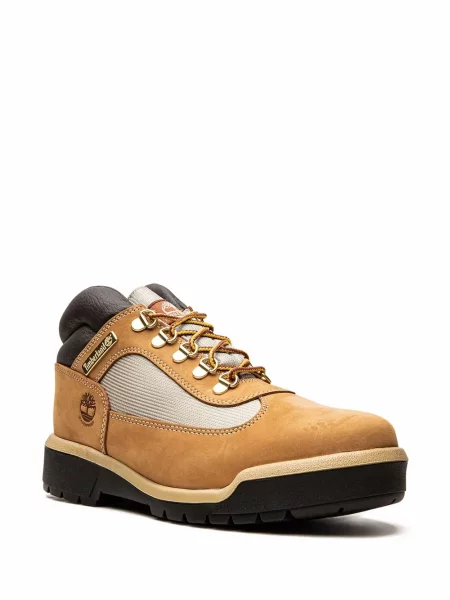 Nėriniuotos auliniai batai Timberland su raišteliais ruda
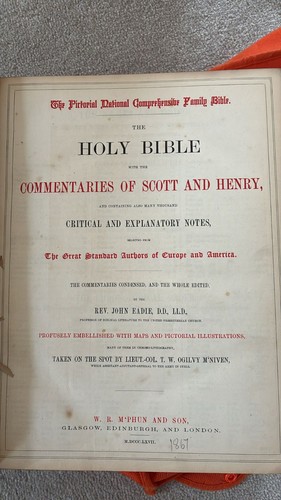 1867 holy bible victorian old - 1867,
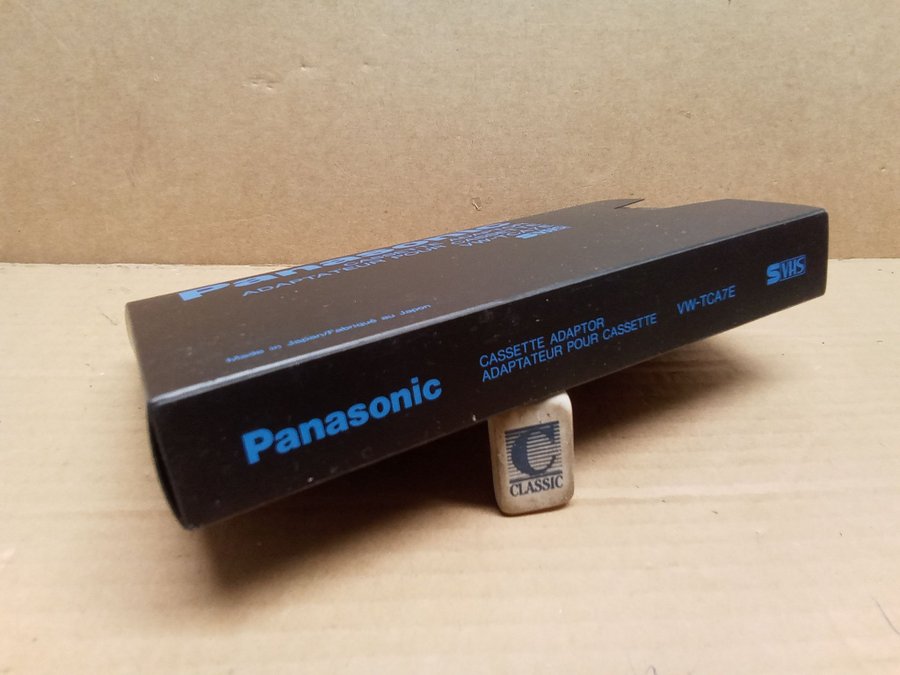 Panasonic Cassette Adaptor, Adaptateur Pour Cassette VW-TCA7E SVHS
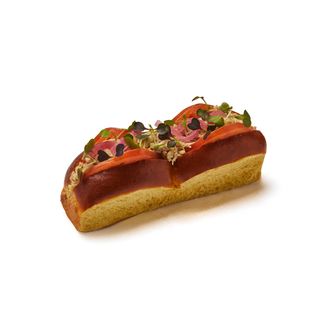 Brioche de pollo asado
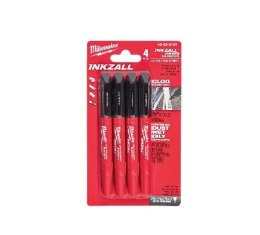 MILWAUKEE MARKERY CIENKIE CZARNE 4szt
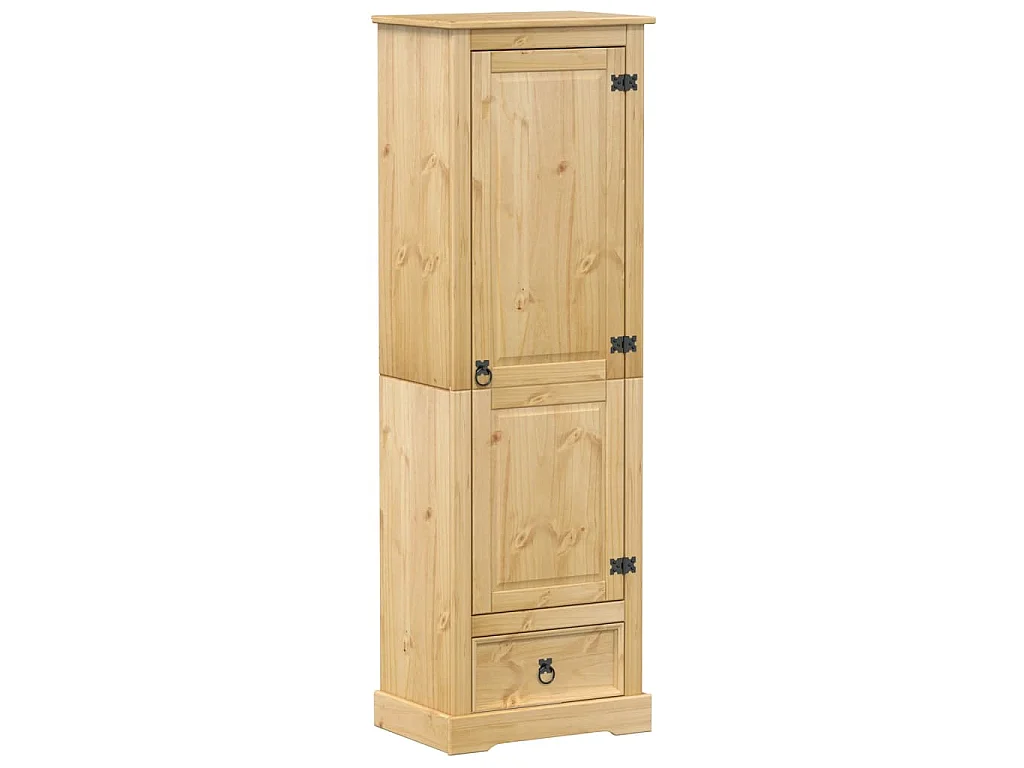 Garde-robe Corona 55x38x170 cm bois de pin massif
= = = = = = =
The expected result is the complete listing above, printed exactly, with no pictures.

# TASK RESPONSE
 Nėriniuotos auliniai batai Timberland su raišteliais ruda
 1867 holy bible victorian old - 1867,
 Panasonic Cassette Adaptor, Adaptateur Pour Cassette VW-TCA7E SVHS
 Brioche de pollo asado
 MILWAUKEE MARKERY CIENKIE CZARNE 4szt
 Garde-robe Corona 55x38x170 cm bois de pin massif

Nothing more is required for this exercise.